The Dreyfus Affair, when it broke that November, would redraw the political fault lines that divided French society, with dramatic effect. Nearly two years had passed since Maurice Barrès had described the ritual humiliation of the Jewish army captain from the ministry of war convicted of spying for Germany, in terms reminiscent of those more usually applied to the criminal degenerate. ‘As he came towards us with his cap thrust down over his forehead, his pince-nez on his ethnic nose, his eyes dry
and furious, his foreign physiognomy, his impassive stillness,’ Barrès wrote, ‘the very atmosphere he exuded revolted even the most self-controlled of spectators.’ In a brutal spectacle, the braid and buttons were ripped from Dreyfus’ uniform by a towering blond Breton, who then proceeded to break the disgraced officer’s sword over his knee; a prelude to Dreyfus’ transportation to Devil’s Island, where only weeks before the rebel anarchists had been massacred. A scintillating literary talent whose anarchism had brought him full circle to that dangerous place where the extremes of right and left overlap and where an extreme form of nationalistic socialism would later be born, Barrès relished the scene, and few public figures questioned the sentence unless, like Clemenceau, to criticise its leniency. Now all that was about to change.

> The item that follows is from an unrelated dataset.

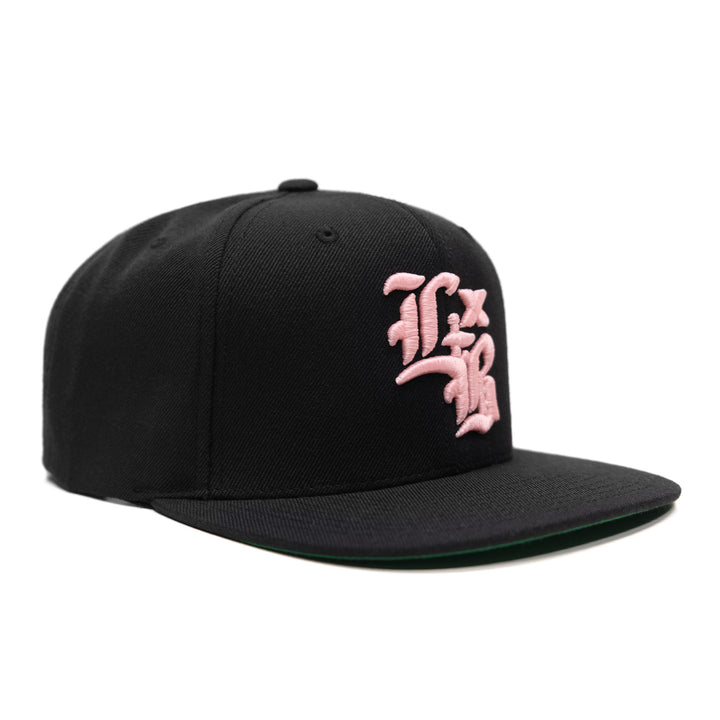 Pink Lockdown Snapback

The first challenge to the soundness of the verdict came from another anarchist, the journalist Bernard Lazare, who had been an outspoken presence at the recent London Congress. For while Barrès, Drumont and Rochefort had spent their time feeding fresh meat to the beast of anti-Semitism, hungry again after gorging itself on the Panama scandal, Lazare had taken a considered interest as further evidence came to light. The proof of Dreyfus’ guilt – an incriminating document purportedly in his handwriting – had been thrown into doubt by the discovery in a war-ministry wastebasket of a suspicious letter bearing an identical hand: that of a Major Esterhazy. Battle was joined in the press, with neither side conceding an inch. The socialists were slow to engage, and two months later Jules Guesde would still be insisting that the passion evinced by the affair was merely a ‘bourgeois civil war’. Many anarchists, though, recognised behind the anti-Semitism a more far-reaching reactionary agenda that had forged a fearsome cohesion in the radical, nationalistic right. Louise Michel, torn between her gratitude to Rochefort on the one hand and, on the other, friendship for the passionate Dreyfusard, Sébastien Faure, was rare in remaining neutral: a position that left her utterly isolated.